Sinds een klein jaar – hij begon al halftijds in mei 2019 – is Filip Fontaine algemeen directeur van VLAM. Het werd door de coronacrisis een memorabel startjaar. Eind vorig jaar stelde Fontaine het veelbelovende jaarprogramma 2020 mee voor (www.vlam.be > Over ons > publicaties). Alle deelsectoren zouden, op hun manier, weer volop in de kijker komen te staan.
De consument ‘ziet’ VLAM niet echt, maar hoeft dat?

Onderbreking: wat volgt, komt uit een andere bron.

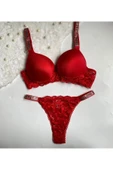 Love Secret TAŞLI DESTEKLİ SÜTYEN TAKIM - 1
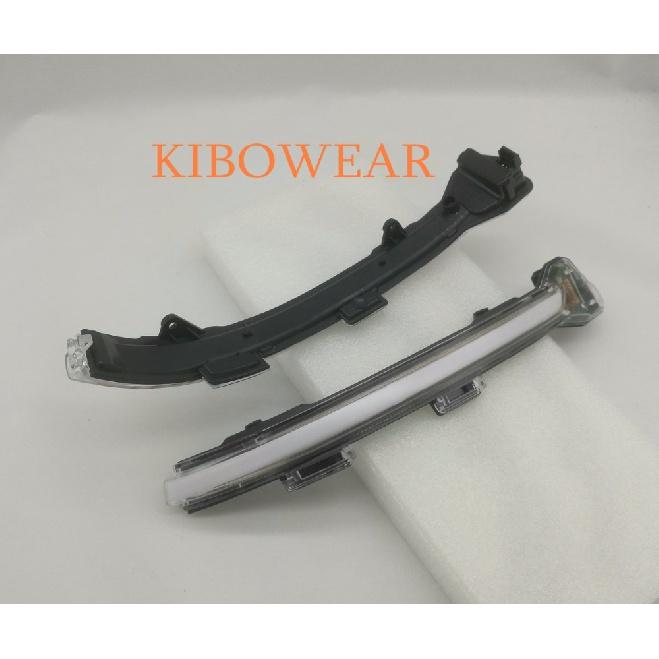 Dynamic Bright LED Turn Signal Crystal for VW Golf MK7 GTI 7 7.5 R Rline GTD  Mirror Light Water Flowing Clear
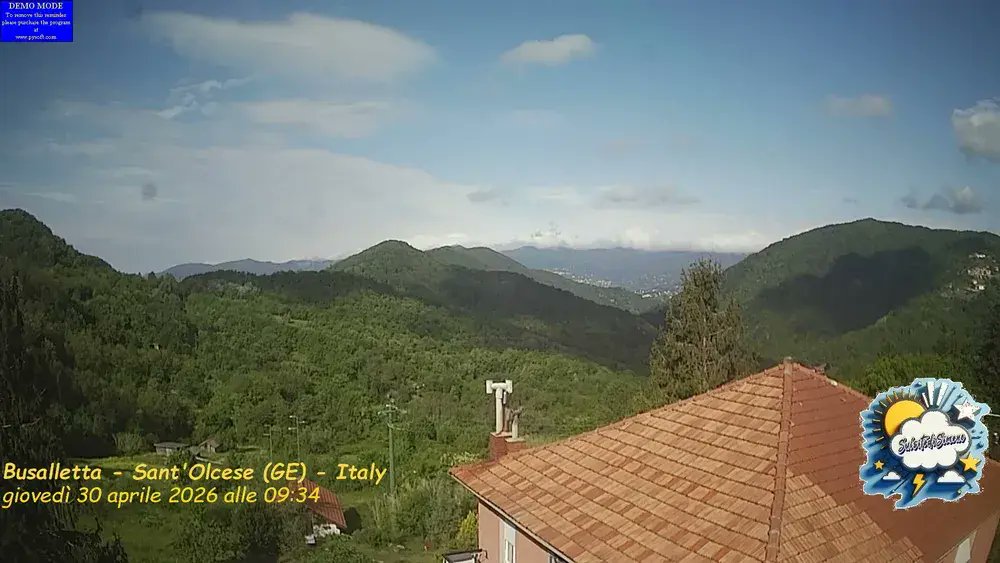 sulsitodisimone's tweet image. 🌤 Aggiornamento Meteo Busalletta 🌤
🌡 Temperatura: 13.5°C
💧 Umidità: 78%
💨 Vento: 4.3 km/h (Raffica 9)
🧭 Direzione: 154°
🌧 Pioggia oggi: 0 mm

#meteo #busalletta #weather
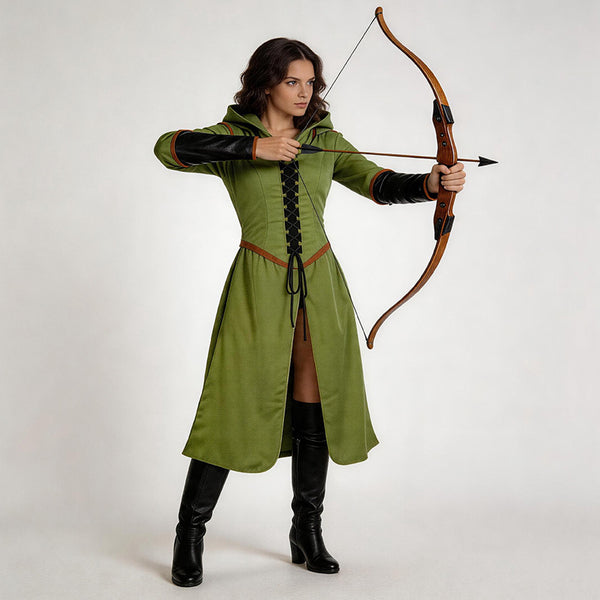 The Lord of the Rings Arwen Women Green Outfit Cosplay Costume Outfit –  TrendsinCosplay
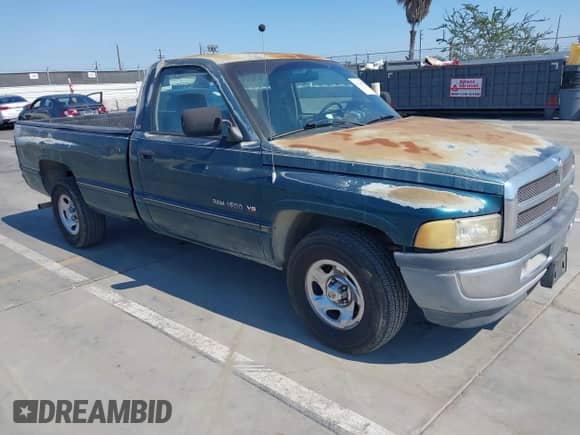 1995 Dodge 1500 с VIN 1B7HC16Y9SS220726, выставлен на аукционе IAAI как лот 42749813 с пробегом 241 190 миль миль и . История ставок и продаж доступна на DreamBid. Изображение 1.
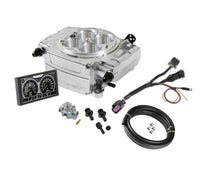 SNIPER 2 UPGRADE 5" W/REG, POLISHED - Holley Sniper 2 EFI Upgrade 5'' Kit w/ Regulator - Polished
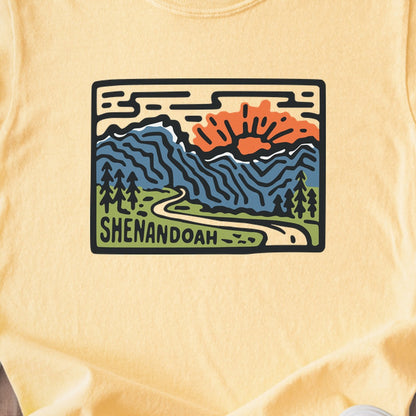 Shenandoah National Park Kids Cotton T-Shirt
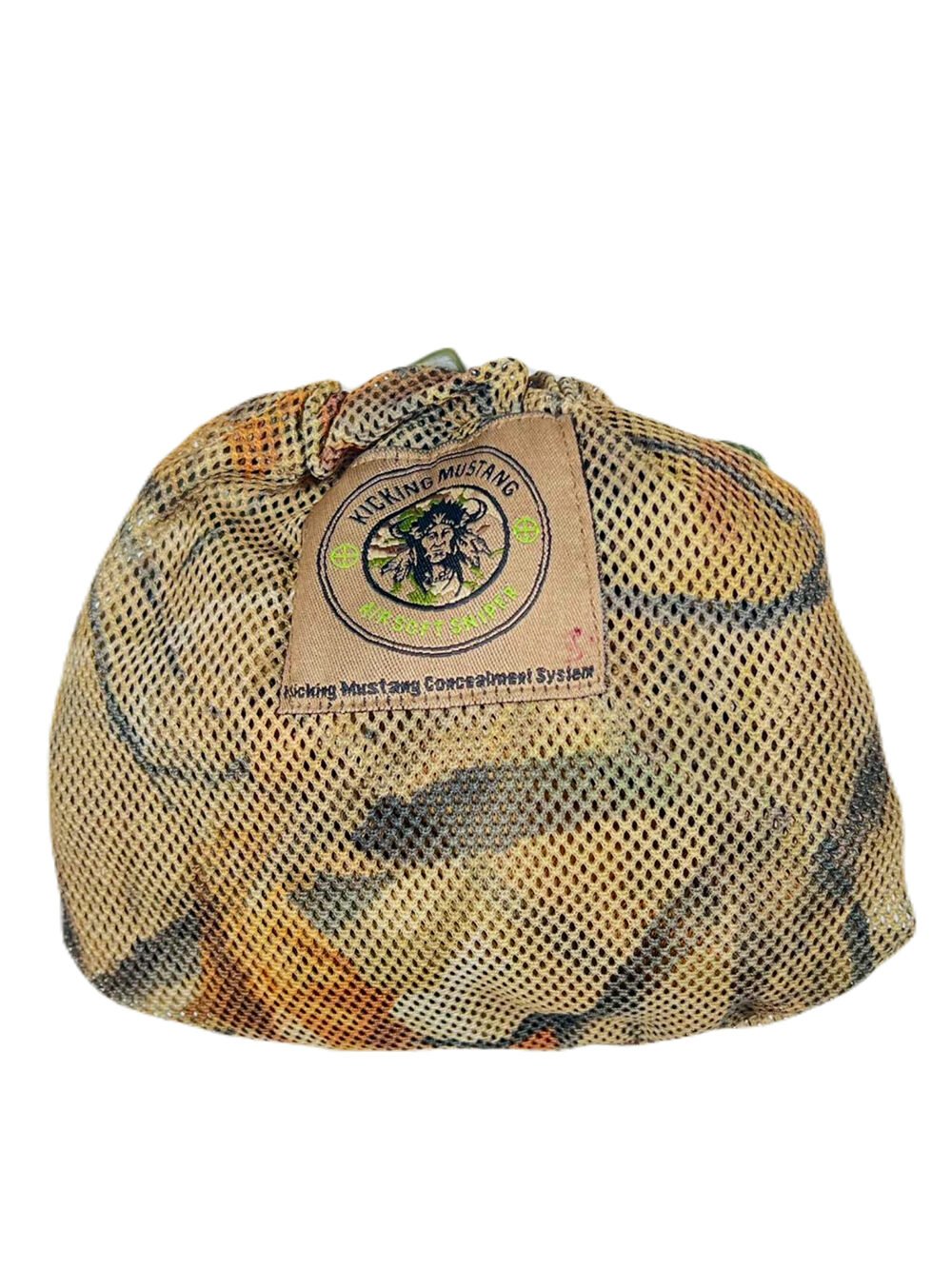 KMCS Pack cover (small) with 3D leafs - Dark Forest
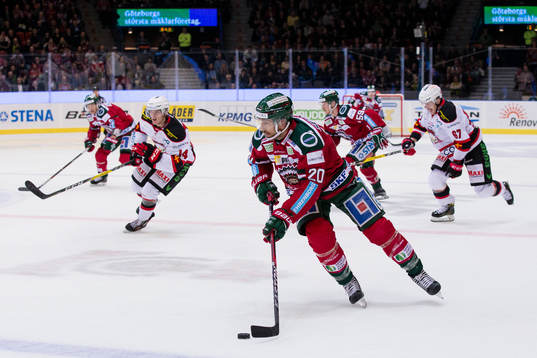 Frölundas Joel Lundqvist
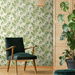 NextWall Peel &amp; Stick Woodland Walk Summer Fern Wallpaper thumbnail image 3 of 4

Al die mediacampagnes zijn inderdaad maar het topje van de ijsberg van wat VLAM allemaal doet. De consumenten, maar ook de land- en tuinbouwers, zien hiermee slechts een klein stukje van onze werking. Maar onze missie ligt niet bij onze naamsbekendheid. Het is de taak van VLAM om de producten van bij ons in het zonnetje te zetten. Producten van bij ons hebben een hoge kwaliteit, zijn heel veilig en duurzaam. Onze voedingsproducten zijn bovendien erg lekker. Ze moeten dan ook de appreciatie krijgen die ze verdienen. De spotjes, jingles en acties die we op het getouw zetten, zijn dan ook de resultante van het vele werk dat daaraan vooraf gaat. Ongeveer de helft van het promotiebudget spenderen we aan binnenlandse campagnes. Hierbij leggen we vooral het accent op gezonde en lokale voeding, we wakkeren een gezond chauvinisme aan. We richten onze boodschap rechtstreeks, maar via diverse kanalen, naar de consumenten. Dat zijn die ‘zichtbare’ mediaboodschappen. De laatste jaren investeren we aanzienlijk meer op online kanalen; met berichten afgestemd op een bepaalde doelgroep. Maar ook onze buitenlandse werking is erg belangrijk. Dit betekent de uitrol van een goede B2B-aanpak, met bijvoorbeeld beurzen, marktstudies en handelsmissies, maar ook individuele contacten opzetten met mogelijke afnemers. VLAM is ook een waar kennis- en expertisecentrum. De onderbouwing van de binnenlandse en buitenlandse campagnes gebeurt immers door grondig studiewerk. We kopen daarvoor marktstudies aan, bijvoorbeeld over het aankoopgedrag. We verzamelen zowel cijfers als inzichten waarom mensen een bepaald aankoopgedrag hebben. Je moet je doelpubliek immers door en door kennen. Met deze informatie kunnen we onder meer onze exportmissies uitstekend voorbereiden, een kader creëren voor exporteurs. Sommigen durven wel eens beweren ‘waarom werken er zoveel mensen bij VLAM?’, wel ik kan volmondig zeggen ‘daarom’. Specialisten verwerken de (internationale) marktcijfers, de B2B-collega’s kunnen de retailers perfect inlichten, de communicatiedienst werkt campagnes uit voor Lekker van bij ons… Dat gebeurt allemaal achter de schermen!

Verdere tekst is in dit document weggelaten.